Одно из ранних стихотворений с пронзительной ясностью открывает смысл ее жизненной позиции как выпавшего предназначения: «Как андерсовской армии солдат, / как андерсеновский солдатик, / я не при деле. Я стихослагатель, / печально не умеющий солгать». Никаких громких слов, не поэт, а скромный стихослагатель — солдат армии вроде той, которой командовал генерал Андерс, набранной из польских беженцев, интернированных, прошедших через сталинские тюрьмы. Героев, брошенных в военную бойню на гибель. Или еще короче — брошенных: «Но преданы мы. Бой идет без нас. / Погоны Андерса как пряжки танцовщицы, / как туфельки и прочие вещицы, / и этим заменен боезапас». Мир пряжек, туфелек, танцовщиц прелестен, но на время войны не годен, а война идет всегда. В конце концов, и в этих строчках — между искусством и действительностью, красотой и правдой.
Общественные поступки Горбаневской были так же органичны, как писание стихов — идейные соображения находились на втором плане. Она вообще была, так сказать, естественно принципиальна. Как-то раз они с другом пошли в филармонию на концерт югославского симфонического оркестра. Началось с «Интернационала». Все встали — кроме нее и, из солидарности, друга. Вдруг она сказала: «Ах, так это же их гимн, югославский, не только мирового пролетариата» — и встала. Заиграли советский, она села. В те времена это был вызов, по последствиям не сравнимый с таким же сейчас, когда государственный патриотизм стал просто профессией. А в 90-х я оказался в Париже, когда умер Владимир Максимов, главный редактор «Континента», в котором Горбаневская сотрудничала. На поминках после похорон некто подвел к ней своего приятеля — познакомить. «А кто он?» — «Заведующий корпунктом “Правды”». – «С “Правдой” не знакомлюсь». И в доказательство спрятала руку за спину. Маленькая рядом с вальяжным перестроечным правдистом. Непреодолимая.
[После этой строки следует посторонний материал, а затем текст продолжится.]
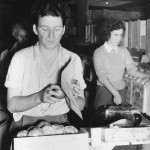 Women at work in the Woodsdale packinghouse, 1944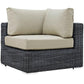Modway Summon 5 Piece Outdoor Patio Sunbrella® Sectional Set, EEI-1896 FredCo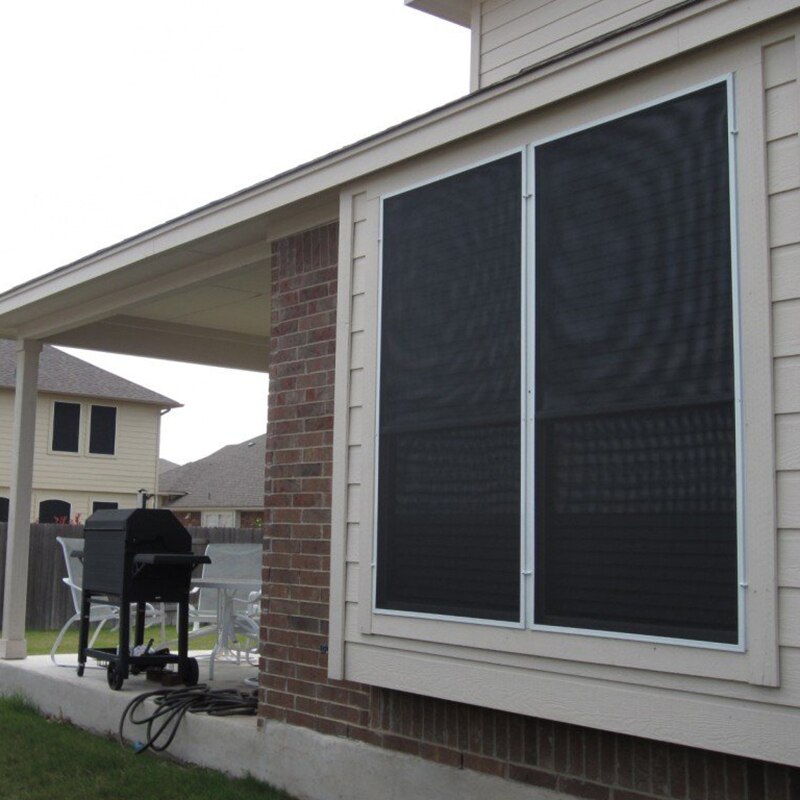 Blackout Film Light Blocking Privacy Black Window Sticker Darkening Non-adhesive Window Tint For Sleeping And Baby Nursery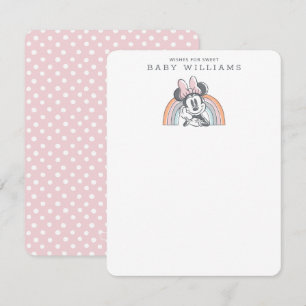 Carte De Correspondance Minnie Mouse Rainbow Watercolor Baby shower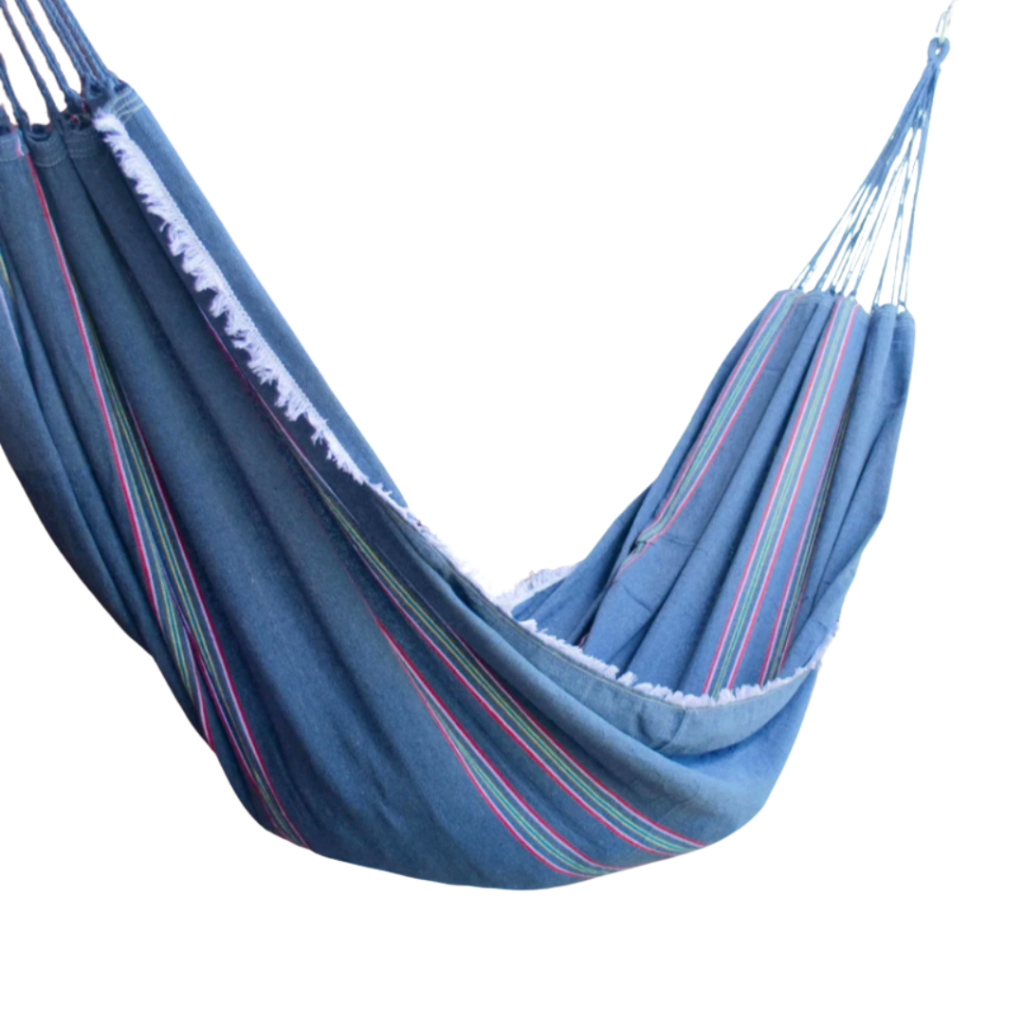 Rede de Dormir Solteiro Descanso Confortável Cinza Artesanal Algodão em Oferta na Shopee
Она была бесстрашная, касалось ли это КГБ или поездок из Москвы в Ленинград на попутках (с деньгами у нее тогда было совсем туго). И это бесстрашие, когда она садилась в кабину к дальнобойщикам, и когда выходила с плакатом к Кремлю, и когда ее била тетка, выдававшая себя за случайную свидетельницу, создало в моем представлении артистический образ категории Рембо. В действии, а не с пером-бумагой. Горбаневская — адамант, как сказала однажды Наталья Трауберг, ее крестная мать.